RECORDS SUPPLIED section start
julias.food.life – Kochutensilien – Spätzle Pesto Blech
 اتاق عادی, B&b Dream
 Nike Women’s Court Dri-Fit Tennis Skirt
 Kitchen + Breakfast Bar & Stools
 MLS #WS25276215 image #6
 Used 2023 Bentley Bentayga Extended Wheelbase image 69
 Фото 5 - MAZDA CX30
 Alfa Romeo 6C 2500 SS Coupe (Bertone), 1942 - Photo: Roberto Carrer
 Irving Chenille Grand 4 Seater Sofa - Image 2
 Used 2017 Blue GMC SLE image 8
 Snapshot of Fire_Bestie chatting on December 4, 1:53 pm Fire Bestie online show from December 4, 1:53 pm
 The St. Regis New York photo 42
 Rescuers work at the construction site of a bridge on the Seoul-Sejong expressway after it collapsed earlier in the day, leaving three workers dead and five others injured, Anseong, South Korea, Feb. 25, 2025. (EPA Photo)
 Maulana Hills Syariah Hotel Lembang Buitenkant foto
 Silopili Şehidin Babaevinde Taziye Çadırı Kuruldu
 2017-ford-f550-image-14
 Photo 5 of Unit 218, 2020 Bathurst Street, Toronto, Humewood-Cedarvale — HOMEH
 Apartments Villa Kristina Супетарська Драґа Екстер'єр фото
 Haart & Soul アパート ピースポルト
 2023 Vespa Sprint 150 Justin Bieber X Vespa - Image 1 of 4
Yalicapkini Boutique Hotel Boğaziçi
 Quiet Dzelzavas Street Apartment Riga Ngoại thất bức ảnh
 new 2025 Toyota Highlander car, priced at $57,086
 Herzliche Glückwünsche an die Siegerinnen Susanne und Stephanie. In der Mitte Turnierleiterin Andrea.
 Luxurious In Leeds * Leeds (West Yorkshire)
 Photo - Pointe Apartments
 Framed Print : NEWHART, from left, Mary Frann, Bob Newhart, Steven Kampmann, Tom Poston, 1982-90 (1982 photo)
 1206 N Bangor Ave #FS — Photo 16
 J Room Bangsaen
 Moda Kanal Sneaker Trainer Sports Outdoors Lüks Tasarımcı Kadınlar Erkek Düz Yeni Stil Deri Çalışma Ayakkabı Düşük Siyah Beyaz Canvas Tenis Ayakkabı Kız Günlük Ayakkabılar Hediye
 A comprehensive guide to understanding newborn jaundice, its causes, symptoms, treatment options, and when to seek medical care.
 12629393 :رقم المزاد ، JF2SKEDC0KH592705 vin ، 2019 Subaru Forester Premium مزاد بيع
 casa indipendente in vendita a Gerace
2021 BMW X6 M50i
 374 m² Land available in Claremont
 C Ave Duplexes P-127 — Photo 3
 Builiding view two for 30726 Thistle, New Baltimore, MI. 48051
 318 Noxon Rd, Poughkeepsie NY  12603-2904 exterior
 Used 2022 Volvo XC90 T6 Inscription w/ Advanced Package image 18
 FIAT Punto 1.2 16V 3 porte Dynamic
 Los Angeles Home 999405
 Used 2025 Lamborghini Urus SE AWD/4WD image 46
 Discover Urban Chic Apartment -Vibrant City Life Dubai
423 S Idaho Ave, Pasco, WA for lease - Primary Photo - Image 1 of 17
RECORDS SUPPLIED section end
TASK STATEMENT
Repeat verbatim the opening run of entries, ending with the line that contains "Maulana Hills Syariah".

ANSWER FOR THIS EXERCISE
julias.food.life – Kochutensilien – Spätzle Pesto Blech
 اتاق عادی, B&b Dream
 Nike Women’s Court Dri-Fit Tennis Skirt
 Kitchen + Breakfast Bar & Stools
 MLS #WS25276215 image #6
 Used 2023 Bentley Bentayga Extended Wheelbase image 69
 Фото 5 - MAZDA CX30
 Alfa Romeo 6C 2500 SS Coupe (Bertone), 1942 - Photo: Roberto Carrer
 Irving Chenille Grand 4 Seater Sofa - Image 2
 Used 2017 Blue GMC SLE image 8
 Snapshot of Fire_Bestie chatting on December 4, 1:53 pm Fire Bestie online show from December 4, 1:53 pm
 The St. Regis New York photo 42
 Rescuers work at the construction site of a bridge on the Seoul-Sejong expressway after it collapsed earlier in the day, leaving three workers dead and five others injured, Anseong, South Korea, Feb. 25, 2025. (EPA Photo)
 Maulana Hills Syariah Hotel Lembang Buitenkant foto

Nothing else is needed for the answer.